Cant go wrong with power pro or fireline. I would use 20lb or less. I think 20lb is the same dia. as 8lb mono.


----------



## Bad Bub (Jan 17, 2006)

I've been using fireline for about 10 years and do like it alot. The one major drawback it has is it has a bit of a break-in period before it will consistently lay on the spool evenly. I spooled one reel up with the suffix 832 this year and so far i like it as well. No break-in period on that stuff.

_OutdoorHub Mobile, the information engine of the outdoors_


----------



## Rybo (Jul 23, 2009)

Smitty82 said:


> Cant go wrong with power pro or fireline. I would use 20lb or less. I think 20lb is the same dia. as 8lb mono.


I agree with Smitty, 20-30lb. This will enable you to pull in virtually ALL wood that you accidentily snag. I switched to braid out of necessity: I needed to learn how to fish, not how to tie over and over.

I liked Suffix. Very limp.
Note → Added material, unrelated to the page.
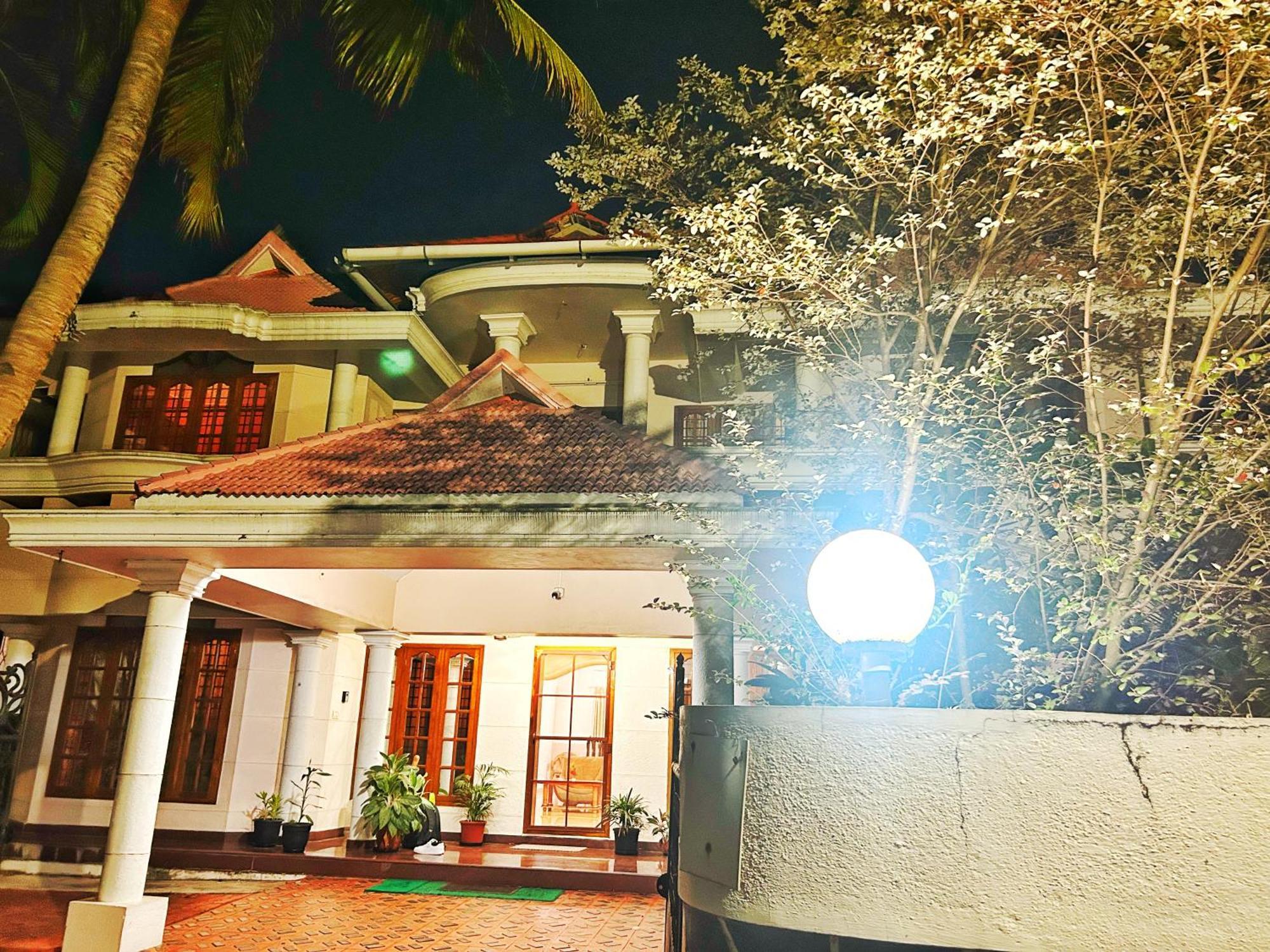La Casa Trivandrum 4 Bhk Ac Luxury Villa At City Centre, Just 6 Kms To Airport Thiruvananthapuram Exterior foto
A simple trilene knot enabled me to pull in all kinds of ridiculous stuff I got snagged on.


----------



## spfldbassguy (Mar 23, 2009)

On my spinning gear I don't go with anything heavier than 10#(2# dia). Never had any problems with that kind of line and my brand of choice is Power Pro. I've had bass wrapped up in lily pads,branches,stumps,and have never had one break me off. I absolutely love braid and don't mind the extra cost because that's a minor detail compared to the positives it brings me. I've used Fireline as well and like it too but I like the PP a bit better.


----------



## Tokugawa (Apr 29, 2008)

For spinning reels, I'd stay with a smaller diameter like spfld. You can overpower a rod with braid that is too stout...then the rod fails prematurely.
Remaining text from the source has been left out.